Secundo, récemment Haïti a été enlevée de la liste des 80 pays dont les citoyens peuvent obtenir des visas H-2A et H-2B permettant de travailler de façon saisonnière aux Etats-Unis notamment dans l’agriculture.
Malgré les arguments avancés par les services d’immigration, savoir que les participants haïtiens n’ont pas respecté les règles du jeu et qu’un trop grand nombre a essayé de rester aux Etats-Unis contrairement aux accords, la presse américaine souligne que moins d’une centaine d’Haïtiens ont bénéficié de ce visa, et qu’une évaluation montre que chaque ouvrier haïtien ajoute ‘4.000 dollars à l’économie américaine par mois.’
D’autre part les Haïtiens n’ont été acceptés à y participer qu’au lendemain du séisme qui a détruit la capitale haïtienne et d’autres régions du pays en janvier 2010 et après le passage de l’ouragan Matthew en octobre 2016.
Les ‘papys et mamies’ …
Cependant plus dur sera la suppression du procédé de la réunification familiale.
Dans le plan proposé au Congrès par la Maison blanche, il est proposé que celle-ci soit réduite seulement au conjoint et aux enfants mineurs.
C’est une disposition que l’on a déjà vu réduite d’année en année.
A commencer que tout enfant né aux Etats-Unis accordait automatiquement la résidence permanente aux parents.
Aujourd’hui c’est à la majorité que l’enfant peut exercer ce privilège.
Dans le cadre de la réunification familiale, le résident permanent peut faire venir non seulement le conjoint et les enfants mais aussi ses propres parents, ‘papys et mamies’ qui aident à l’éducation des enfants et aux tâches ménagères.
D’autre part, une fois devenu citoyen américain (ce qui est possible jusqu’ici après 5 ans de résidence permanente), l’on peut ‘appliquer’ aussi pour les enfants majeurs mais non mariés. Etc.

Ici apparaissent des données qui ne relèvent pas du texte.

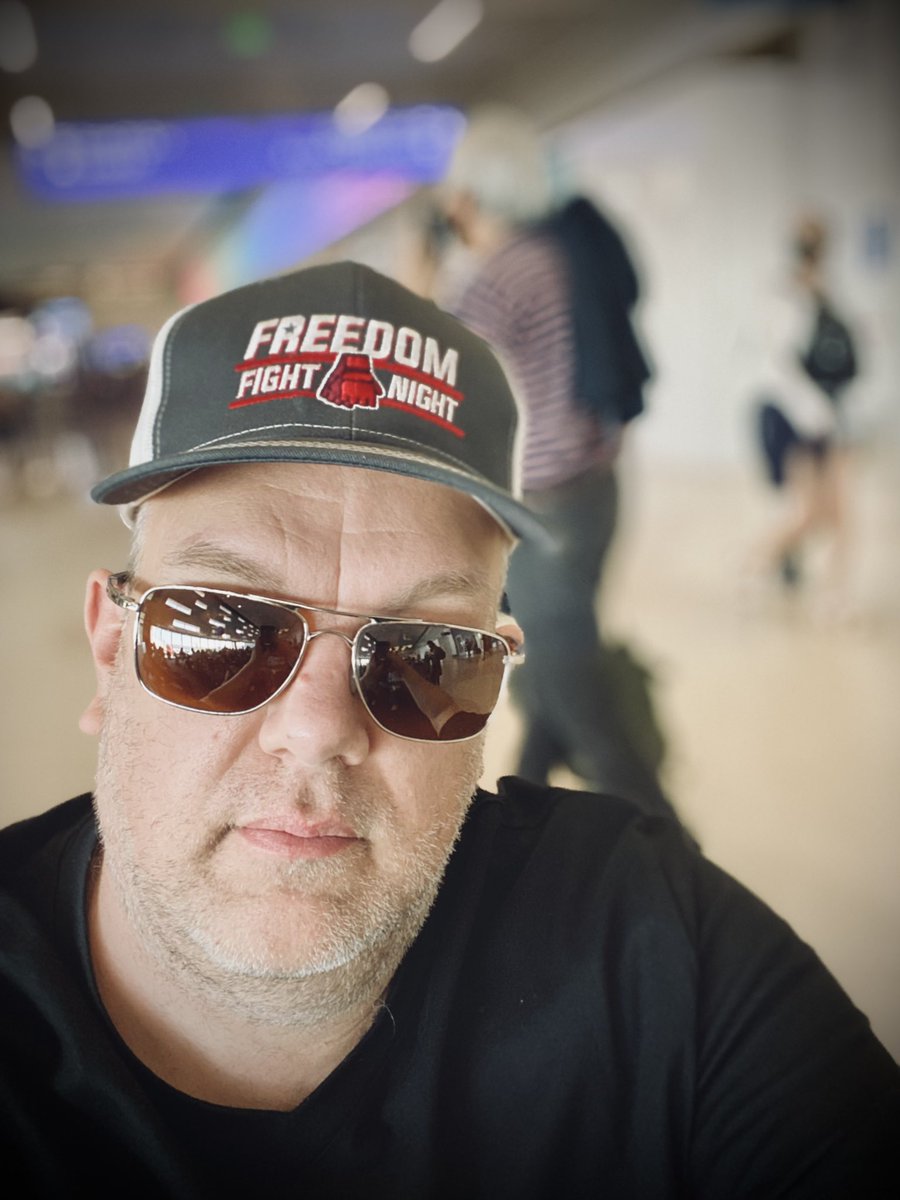damonroberts's tweet photo. Wish I had more time in #florida but it’s back to North Kor….I mean New York. Had fun last night. #FreedomFightNight https://t.co/UXhxEIL8fJ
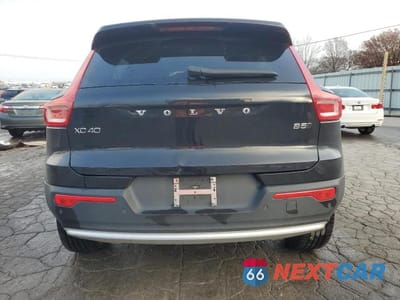 Zdjęcie 6 z 12 samochodu: 2023 VOLVO XC40 PLUS VIN:YV4L12UN1P2913003 - miniatura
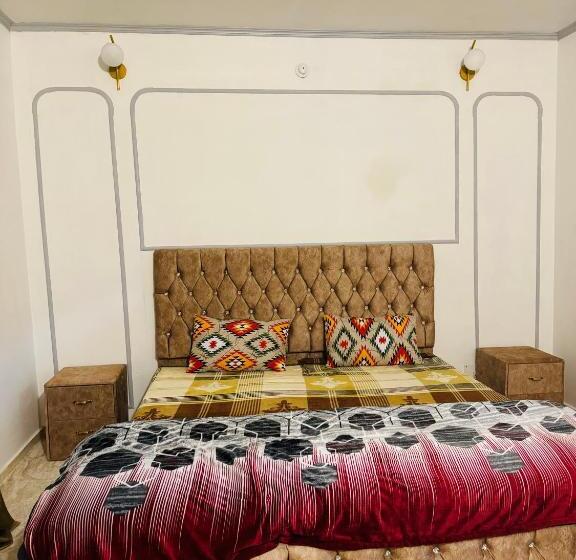 فندق Olive Ventures, Royal Inn, Ritz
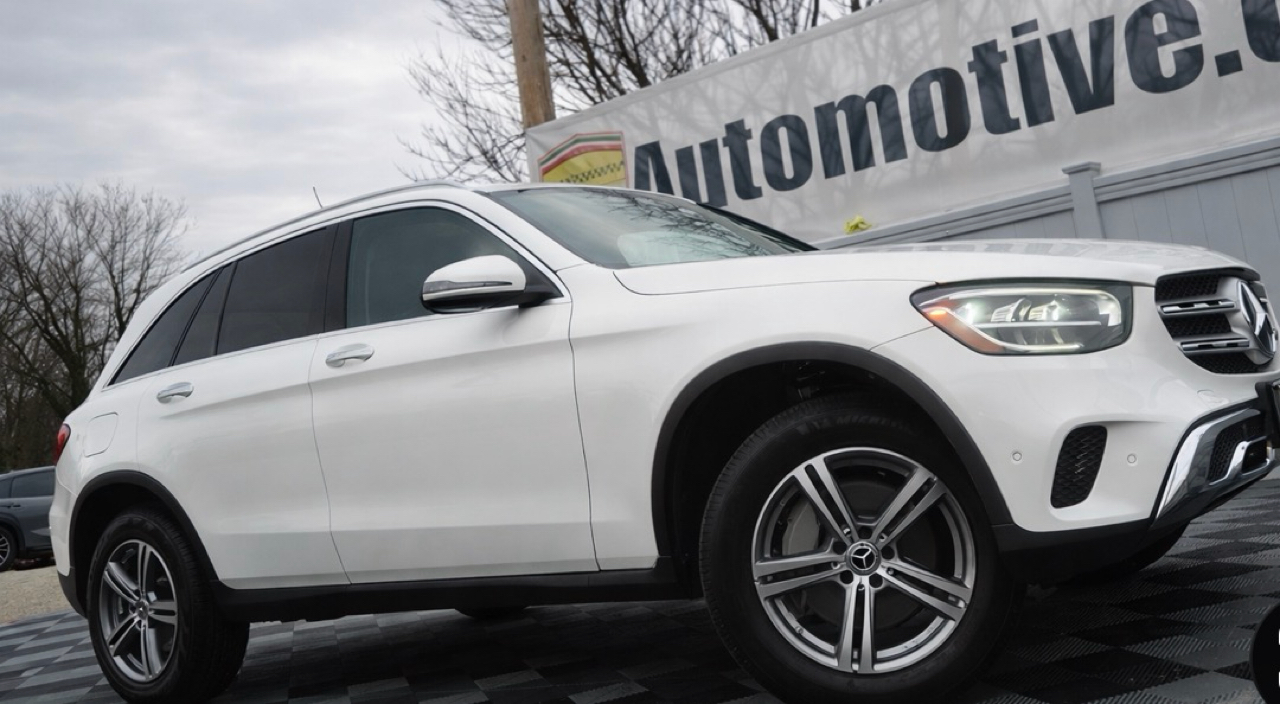 Mercedes-Benz GLC GLC 300 4MATIC SUV 2022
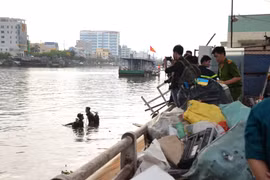 Nhiều giờ lặn tìm thi thể cô gái mất tích dưới kênh Tẻ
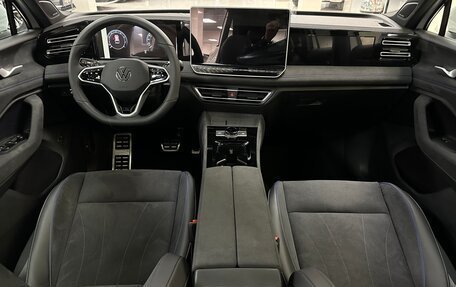 Volkswagen Tiguan, 2024 год, 4 650 000 рублей, 13 фотография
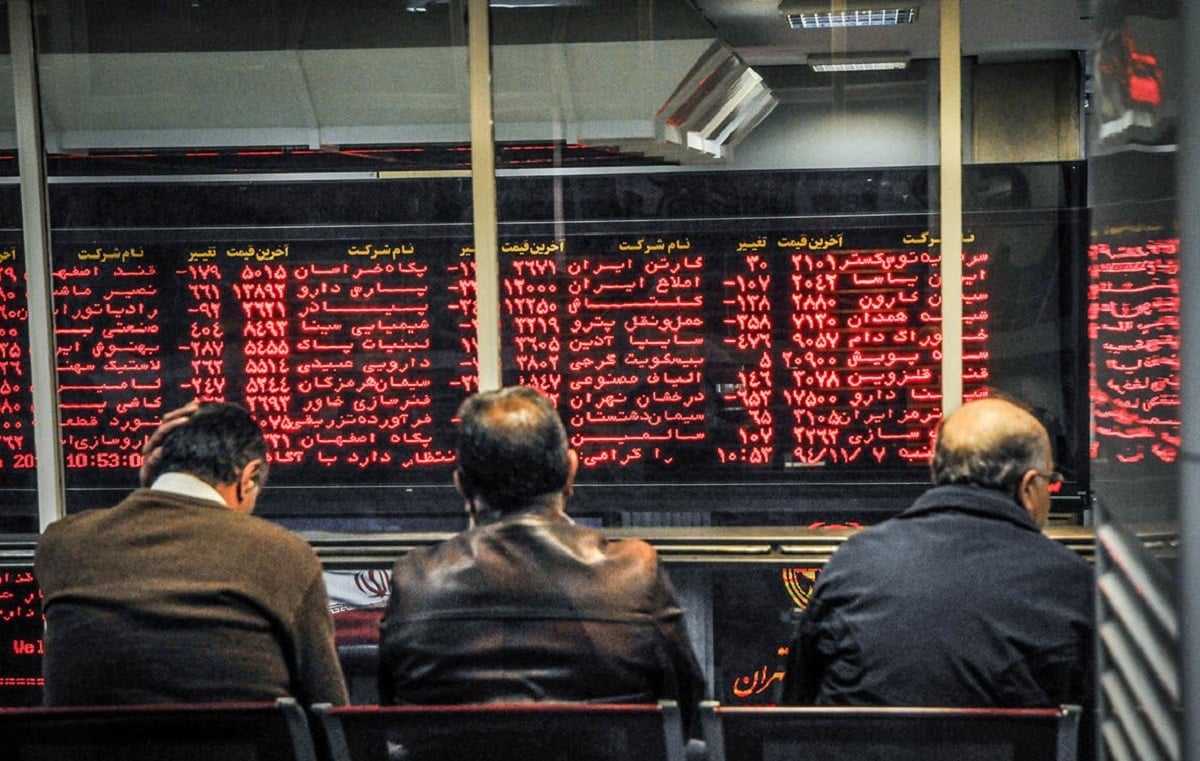 آب رفتن بورس مقابل رشد چشمگیر رمزارزها در کشور/ کاربران بازار ارزهای دیجیتال در ایران ۳۰ برابر کاربران بورس هستند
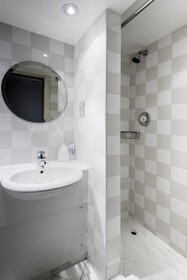 Holiday Inn Glasgow Airport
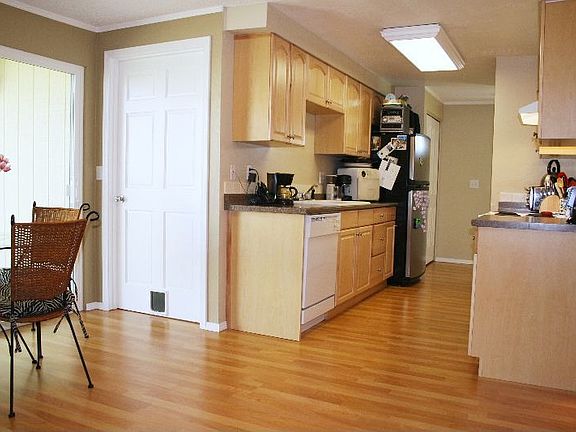 Kitchen & Dining area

L’anti-haïtianisme évident …
C’est tout ce qui constitue le fondement même, le socle de la communauté haïtienne aux Etats-Unis (plus d’1 million de personnes) que la politique migratoire de l’administration Trump va balayer d’un trait de plume.
Avec toutes les conséquences qui en découleront pour le pays d’origine. La communauté expatriée transfert pas moins de 2.5 milliards pour les proches vivant en Haïti.
Et bien entendu, les derniers partis sont les plus proches du pays qu’ils ont laissé, ayant des enfants et des proches parents à leur charge. Sans oublier la nostalgie.
Nous n’avons pas oublié bien entendu les 58.000 TPS ou bénéficiaires d’un statut de résidence temporaire après avoir fui le pays sous les décombres du tremblement de terre du 12 janvier 2010 et qui ont reçu sommairement de l’administration Trump l’ordre de retourner dans leur pays. Dernier délai : juillet 2019.
Or malgré qu’on pourrait dire qu’il s’agit de dispositions administratives générales concernant la quasi totalité de la population immigrante aux Etats-Unis, là où l’anti-haïtianisme de Mr Trump pointe le bout de son nez c’est dans ces récentes insultes à l’endroit des soi-disant ‘pays de merde’ que sont Haïti, citée nommément, ainsi que le Salvador et ‘certains’ pays d’Afrique.
Il s’agit là (venant d’un président du pays où ils vivent et progressent et où ils ont investi leur avenir) d’une véritable machine de déstabilisation de toute la communauté d’origine haïtienne.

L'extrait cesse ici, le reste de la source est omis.